The Commission's decision, 77-21, was handed down on April 19, 1977, some 18 days after Copus left the Commission. In a 2-1 vote, reasonable cause was found to charge Sears with employment practice violations under Title VII.

Prior to the issuance of the decision, Commission officials apparently notified Sears of their intention to release information on the Sears investigation, including the Commission's decision, to individual charging parties. In response, Sears filed an action for declaratory and injunctive relief in the United States District Court for the District of Columbia to prohibit the dissemination of such information and to "enforce the confidentiality requirements of Title VII." Judge Gesell issued a temporary restraining order on June 1, 1977, enjoining the release of the Commission decision and certain other information. See Sears, Roebuck and Co. v. EEOC, 435 F. Supp. 751 (D.D.C. 1977), aff'd in part and rev'd in part, 581 F.2d 941 (D.C. Cir. 1978).*fn11 On about July 8, 1977, three copies of the Commission's decision were discovered missing from the Commission offices in Washington. Two of these copies later surfaced in the office of NOW's Chicago chapter and the Women's Equity Action League in Dallas. The third copy has never turned up. The source(s) of the leak were never uncovered. It is to be noted, however, that no finding of contempt of the injunction ever issued from District of Columbia District Court, nor is there any indication that such an order was sought.
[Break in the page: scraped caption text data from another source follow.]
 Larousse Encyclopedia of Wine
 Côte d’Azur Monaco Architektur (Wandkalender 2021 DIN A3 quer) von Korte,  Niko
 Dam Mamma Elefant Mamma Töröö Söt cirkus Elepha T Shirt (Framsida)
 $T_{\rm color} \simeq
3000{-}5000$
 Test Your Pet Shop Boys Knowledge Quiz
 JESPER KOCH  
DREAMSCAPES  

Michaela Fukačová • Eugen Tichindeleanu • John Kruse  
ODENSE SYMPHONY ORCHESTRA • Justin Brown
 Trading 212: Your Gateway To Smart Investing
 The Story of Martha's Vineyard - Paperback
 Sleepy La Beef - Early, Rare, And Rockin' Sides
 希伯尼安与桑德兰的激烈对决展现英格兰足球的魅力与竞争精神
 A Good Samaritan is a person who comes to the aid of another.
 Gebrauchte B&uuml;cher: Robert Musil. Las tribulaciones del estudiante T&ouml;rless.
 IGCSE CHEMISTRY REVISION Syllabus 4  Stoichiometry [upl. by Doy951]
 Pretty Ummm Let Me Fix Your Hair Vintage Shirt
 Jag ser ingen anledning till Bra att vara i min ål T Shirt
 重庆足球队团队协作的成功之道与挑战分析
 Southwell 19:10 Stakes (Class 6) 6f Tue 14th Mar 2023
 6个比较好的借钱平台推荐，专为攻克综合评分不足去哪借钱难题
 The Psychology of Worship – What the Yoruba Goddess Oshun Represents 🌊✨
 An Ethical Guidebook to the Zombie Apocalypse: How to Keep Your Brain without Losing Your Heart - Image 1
Following the Commission's decision, conciliation efforts commenced on October 19, 1977. On February 27, 1978, during the pendency of these discussions, Sears petitioned the Commission for a reconsideration of the reasonable cause decision. The motion was denied on March 28, 1978. Negotiations continued until November 29, 1978, when they were terminated by the Commission. Bad faith is alleged against the EEOC for refusing to separately negotiate the individual charges (consolidated with the Brown charge) and the `sex only' charges for settlement.

This lawsuit was filed by the Commission on October 22, 1979.*fn12

Summary of Grounds for Dismissal

Sears stakes its motion to dismiss on eight grounds, which may appropriately be classified into three groups. First, two claims focus on the Commission's failure to comply with certain alleged statutory prerequisites to suit: verification and conciliation. With respect to verification, Sears argues that the Brown charge was not properly verified and any effort to cure this defect was untimely because Brown's term of office had expired. The failure of the Commission to conciliate in good faith, in particular by refusing to consider settlement on other than a nationwide basis, is said to be an alternative bar to this court's jurisdiction.

Alleged improprieties and abusive practices in the Sears investigation serve as the common denominator for the next set of dismissal grounds. First and foremost are the real or apparent conflicts of interest flowing, inter alia, from (a) Copus' sitting on the Board of Directors of NOW-LDEF while ostensibly leading the Commission's investigation of Sears, (b) Adams' sitting on the Board of Directors of NOW while simultaneously serving as special assistant to the EEOC Chairman, and (c) the alleged conjugal relationship between Copus and Adams. Furthermore, it is contended that the Commission engaged in a "stigmatizing" publicity campaign against Sears, running afoul of the Due Process and Bill of Attainder Clauses of the United States Constitution. As additional grounds, the Commission's summary refusal to grant a rehearing on the reasonable cause determination and its alleged violation of its own regulations are said to constitute due process deprivations.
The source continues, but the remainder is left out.